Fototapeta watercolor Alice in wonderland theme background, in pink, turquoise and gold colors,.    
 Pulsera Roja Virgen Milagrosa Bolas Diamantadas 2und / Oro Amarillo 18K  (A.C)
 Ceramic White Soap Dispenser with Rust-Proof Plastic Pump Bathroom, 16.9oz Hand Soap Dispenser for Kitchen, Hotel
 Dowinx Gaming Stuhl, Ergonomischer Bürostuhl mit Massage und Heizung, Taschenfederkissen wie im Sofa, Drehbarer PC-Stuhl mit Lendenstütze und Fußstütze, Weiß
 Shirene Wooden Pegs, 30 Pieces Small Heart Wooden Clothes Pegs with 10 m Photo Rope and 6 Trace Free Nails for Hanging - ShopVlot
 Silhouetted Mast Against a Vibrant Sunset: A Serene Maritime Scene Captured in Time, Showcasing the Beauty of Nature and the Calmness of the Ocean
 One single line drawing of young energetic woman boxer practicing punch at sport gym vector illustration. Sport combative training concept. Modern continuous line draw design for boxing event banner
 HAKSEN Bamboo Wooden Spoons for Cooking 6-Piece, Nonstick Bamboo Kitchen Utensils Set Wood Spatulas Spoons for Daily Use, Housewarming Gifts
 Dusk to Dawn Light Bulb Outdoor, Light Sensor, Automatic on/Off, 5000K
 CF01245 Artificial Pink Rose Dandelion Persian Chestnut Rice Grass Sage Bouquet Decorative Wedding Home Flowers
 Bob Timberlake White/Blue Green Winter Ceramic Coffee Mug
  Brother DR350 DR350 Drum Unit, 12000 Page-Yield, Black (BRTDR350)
□ □ □ □ □ □ □
Assignment:
In the material above, tally each line where "Ceramic" appears, and respond with only the tally.

Your solution:
2